Overachieve as the Underdog

A small to midsize retail business may aim to garner attention by describing itself as an underdog, operating in the shadows of or in an unbalanced contention with larger retailers. However, unless handled well, that strategy could have undesirable results. While consumers root for the underdog, those same consumers like to associate with winners. Therefore, to get the best from portraying yourself as an underdog retailer, project your commitment to winning. Show perseverance in meeting the shopper’s needs.
     Researchers at Xi'An JiaoTong University and National Hsinchu University of Education presented one group of study participants with a story of a brand which already established itself as having endurance and another group of participants with a story of a new, emerging brand. In the story, half of each group were told explicitly how the brand was an underdog. For the other half of each group, the underdog position was only hinted at. Afterwards, the degree of brand preference was assessed among the members of the groups.
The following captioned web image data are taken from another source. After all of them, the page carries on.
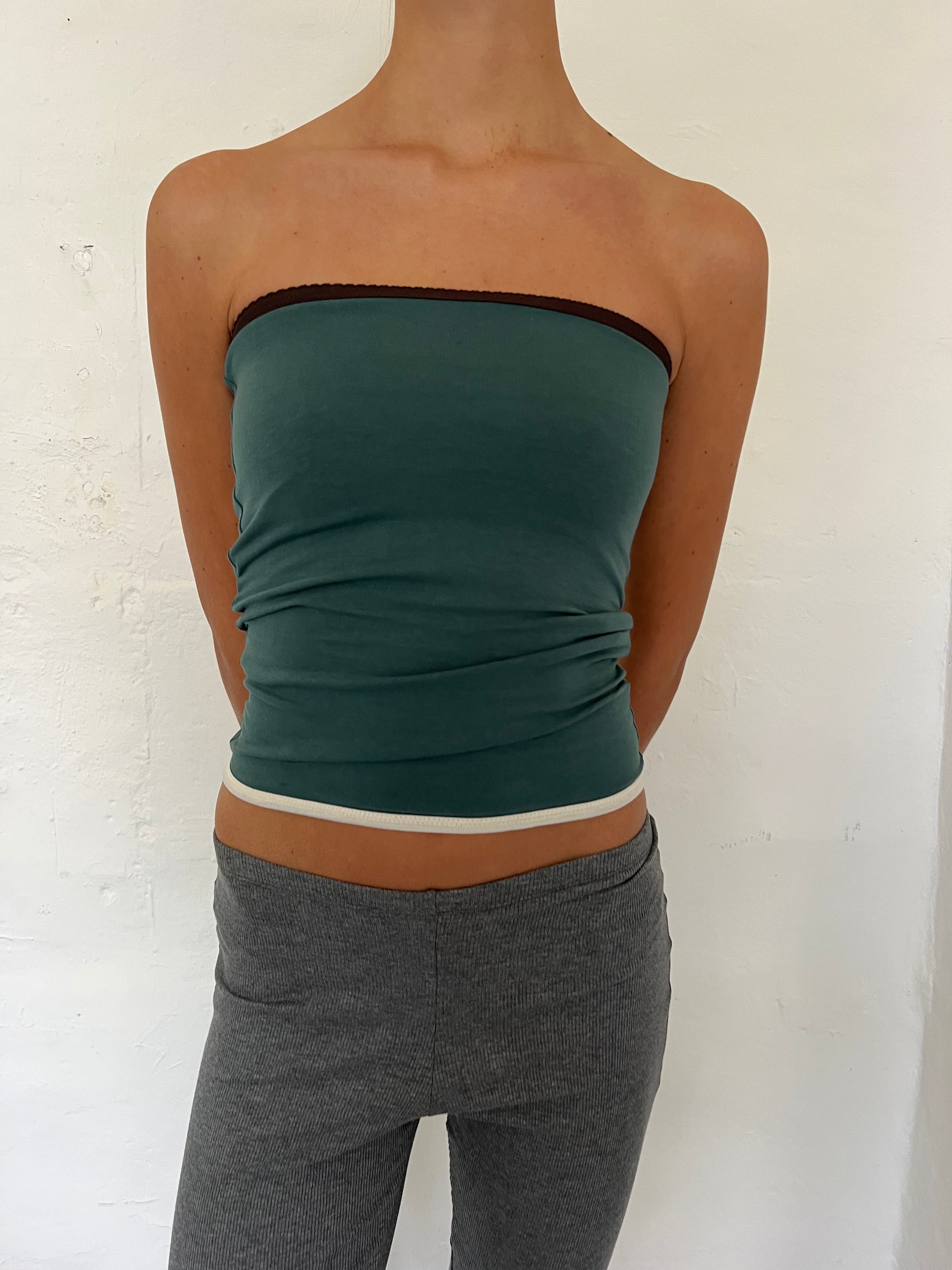 Bandeau top in viscose, picoeta brown/emerald/ivory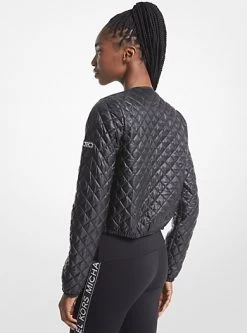 MICHAEL Michael Kors Quilted Satin Ciré Jacket 5 MICHAEL Michael Kors Quilted Satin Ciré Jacket -Damenbekleidungsgeschäft MF320B23SB 0001 2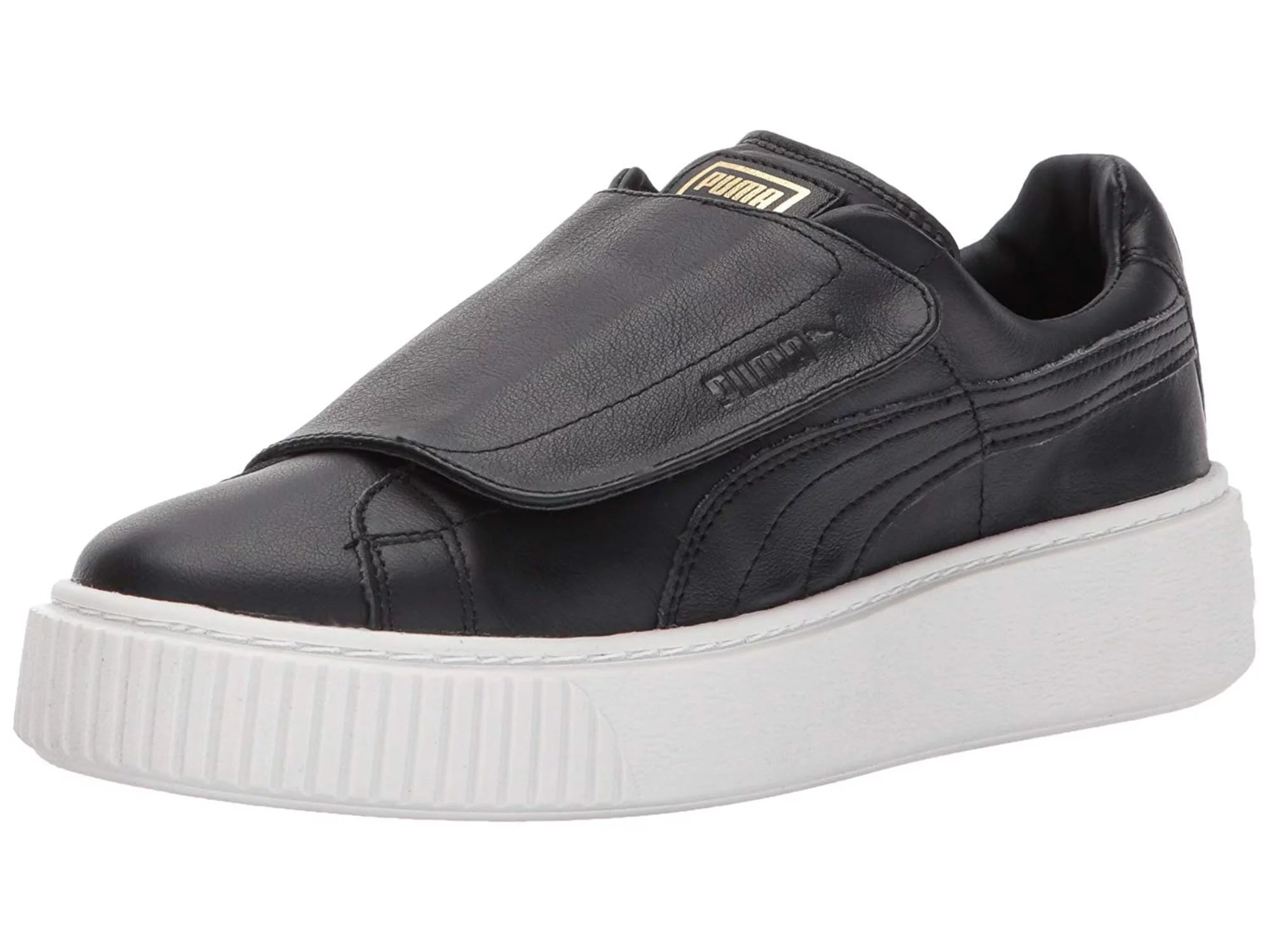 Puma Womens Basket Platform Strap Leather Low Top Pull On Fashion Sneakers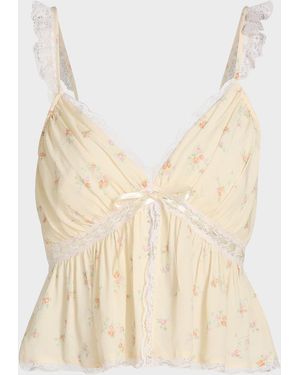 LoveShackFancy Nicoleta Floral Laced Top - Natural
     The results showed how an underdog portrayal raises brand preference best when the portrayal is explicit and the brand has already shown it has lasting power.
     Notice that the two institutions sponsoring the research are both in an Asian culture. Other research suggests that the influence of underdog portrayals is even stronger in Western cultures. Researchers at Harvard University, Simmons College, and Boston College found that when a choice of chocolate bar brands was offered to the study participants, the brand positioned as the underdog was selected about 70% of the time. Overall, the effect was there for all the participant groups. Still, the effect was stronger among the American study participants than among those from Singapore. The power of the come-from-behind fits well with the distinctively American stories of successful immigrants and of second chances met with passionate determination.
     Once you become the Big Dog winning retailer instead of the overachieving underdog, take care in your comparative advertising. You could advertise with a negative frame or a positive frame. The negative frame is of the form “The other store is bad, and our store is good.” The positive frame is of the form “The other store is good, and our store is even better.”
     I recommend always accentuating the positive in comparatives. Negatively framed comparatives draw more counterarguments from shoppers. Again, people will support the underdog.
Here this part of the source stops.